#### Provided material

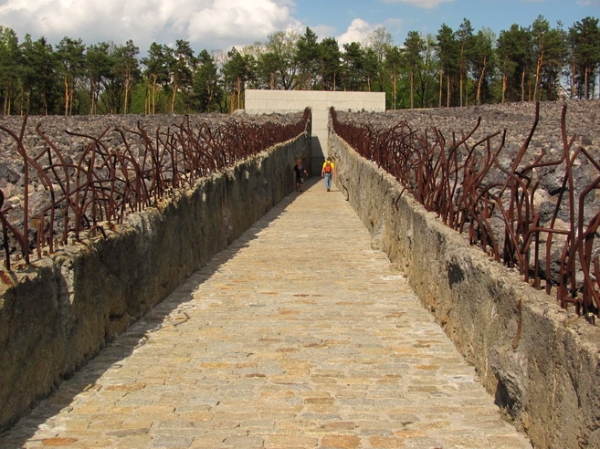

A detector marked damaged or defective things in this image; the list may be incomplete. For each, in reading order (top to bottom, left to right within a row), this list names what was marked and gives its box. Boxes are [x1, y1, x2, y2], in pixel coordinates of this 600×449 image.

rusted iron sculpture [332, 104, 600, 322]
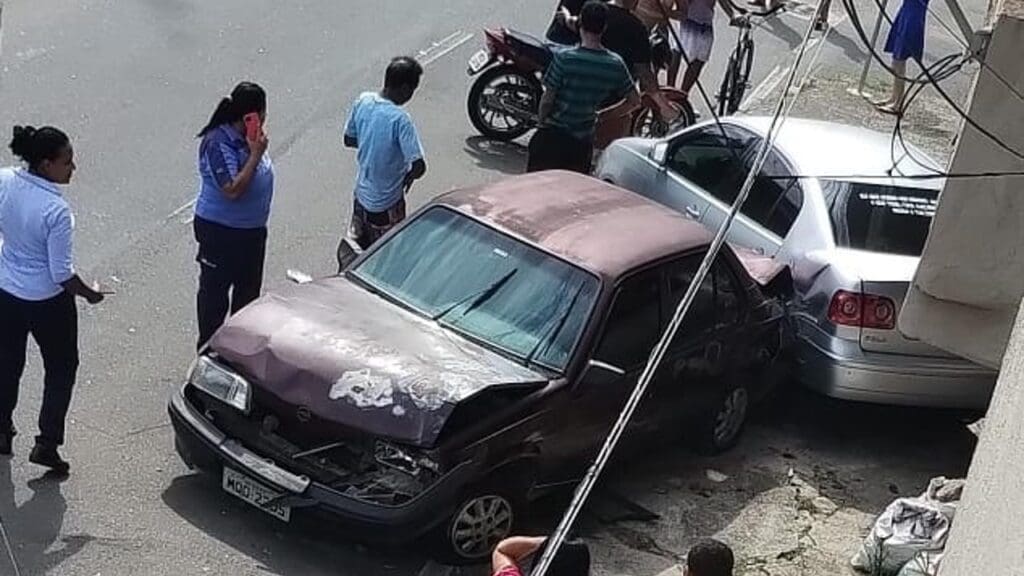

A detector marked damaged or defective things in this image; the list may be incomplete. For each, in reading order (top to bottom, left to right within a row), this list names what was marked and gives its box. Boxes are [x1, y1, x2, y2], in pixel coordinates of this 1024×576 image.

crumpled hood [205, 276, 544, 446]
paint peeling on hood [207, 276, 552, 446]
damaged front bumper [166, 385, 479, 537]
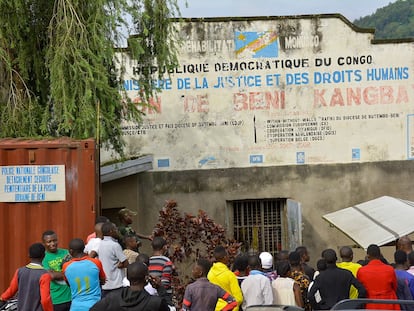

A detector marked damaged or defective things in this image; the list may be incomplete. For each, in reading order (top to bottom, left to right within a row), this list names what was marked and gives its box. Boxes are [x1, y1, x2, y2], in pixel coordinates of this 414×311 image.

rusty metal container [0, 138, 99, 292]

########

Return the full set of lines above word for word and with no pictures.

• [Expected answer]
A detector marked damaged or defective things in this image; the list may be incomplete. For each, in reading order (top to bottom, left to right within a row), this list names what was marked and gives its box. Boxes are [x1, y1, x2, y2], in pixel coordinates of this 600×449 image.

rusted iron sculpture [332, 104, 600, 322]

A detector marked damaged or defective things in this image; the list may be incomplete. For each, in reading order (top to bottom, left to right within a row), this list names what was marked and gives its box. Boxes are [x1, y1, x2, y2], in pixel coordinates of this 1024×576 image.

crumpled hood [205, 276, 544, 446]
paint peeling on hood [207, 276, 552, 446]
damaged front bumper [166, 385, 479, 537]

A detector marked damaged or defective things in this image; the list may be incomplete. For each, in reading order (top to bottom, left to right within a row), this list names what was marked and gives its box. Boxes are [x1, y1, x2, y2], in pixel coordinates of this 414×311 image.

rusty metal container [0, 138, 99, 292]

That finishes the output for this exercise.